# New Process To Ribbons And Medals



## BhavZ (28/5/14)

Good day fellow forumites

I would like inform you that in an endeavour to ensure the efficacy and pleasant appearance of the forum we have made a small change to the display of ribbons and medals, specifically ribbons and medals awarded for posts, trophy points and likes (received for posts).

Currently ribbons are awarded for 150+ posts, 500+ posts and 100+ trophy points. Medals are awarded for 1500+ posts, 10 000+ posts, 50 000+ posts and 100 000+ posts.

Going forward lower ranking ribbons will be replaced by higher ranking ribbons as new awards (with respect to posts) are awarded. The same will occur for medals and in the case of medals ranking higher than ribbons these ribbons will be replaced by medals.

What this means is that if you are currently in possession of a 150+ ribbon and attain 500+ posts, your 150+ ribbon will be replaced with the 500+ ribbon. If you attain 1500+ posts, your 500+ ribbon will be replaced with the 1500+ posts medal.

The advantages of following this process are that 1) each person's avatar will look neater and more compact (allowing for more posts to be visible on one screen) and 2) It would highlight your most recent achievement.

We as the awards team ask for your patience in this endeavour as we will need to exact these changes per member.

Thank you for your time and consideration,
The Awards Team

Reactions: Like 9 | Agree 3


----------



## crack2483 (28/5/14)

Running out of space on your chest, general? 

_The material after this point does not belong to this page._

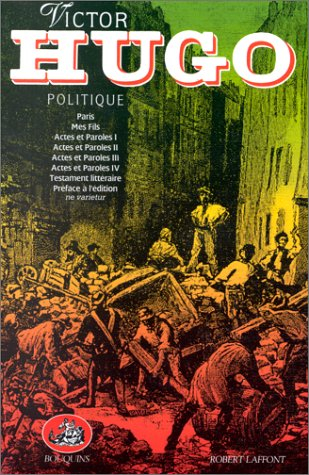 oeuvres complètes . politique : paris. mes fils. actes et paroles (i, ii, iii, iv). testament littér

Sent from my SM-N9005 using Tapatalk

Reactions: Funny 4


----------



## TylerD (28/5/14)

Cool stuff! Sounds great. Will look much neater.

Reactions: Agree 1


----------



## RevnLucky7 (28/5/14)

"Mamma, take this badge from me...."

Reactions: Funny 1


----------



## johan (28/5/14)

Makes absolute sense, some members here already look like veterans meeting daily at the M.O.T.H.

Reactions: Funny 1


----------



## annemarievdh (28/5/14)

That is a very good change. I actually wondered a wile back why it doesn't work like that. Hats of to the team!!


----------



## Silver (29/5/14)

Good stuff team!


----------